==== GIVEN INFORMATION ====
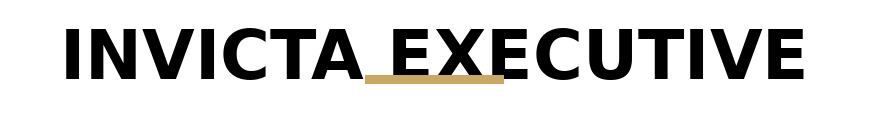 Invicta Executive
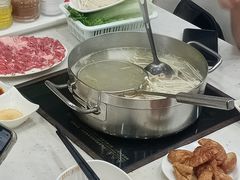 -黑山牛肉汤火锅(花城汇店)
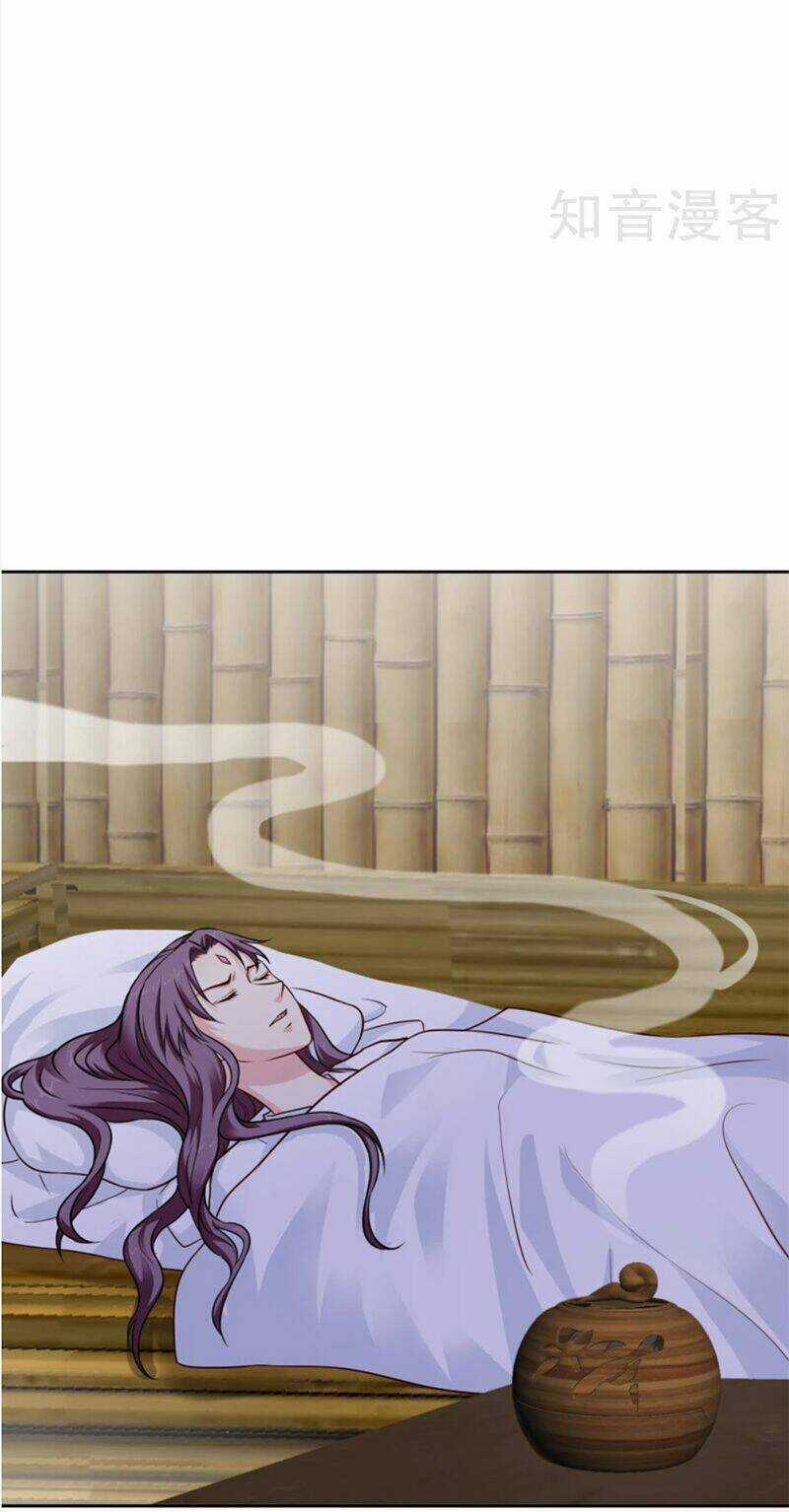 Tuyệt Thế Độc Phi Của Tà Vương Chapter 114 trang 28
====
HOW TO COMPLETE THIS TASK:
Copy all the material exactly; omit images.

EXERCISE SOLUTION:
 Invicta Executive
 -黑山牛肉汤火锅(花城汇店)
 Tuyệt Thế Độc Phi Của Tà Vương Chapter 114 trang 28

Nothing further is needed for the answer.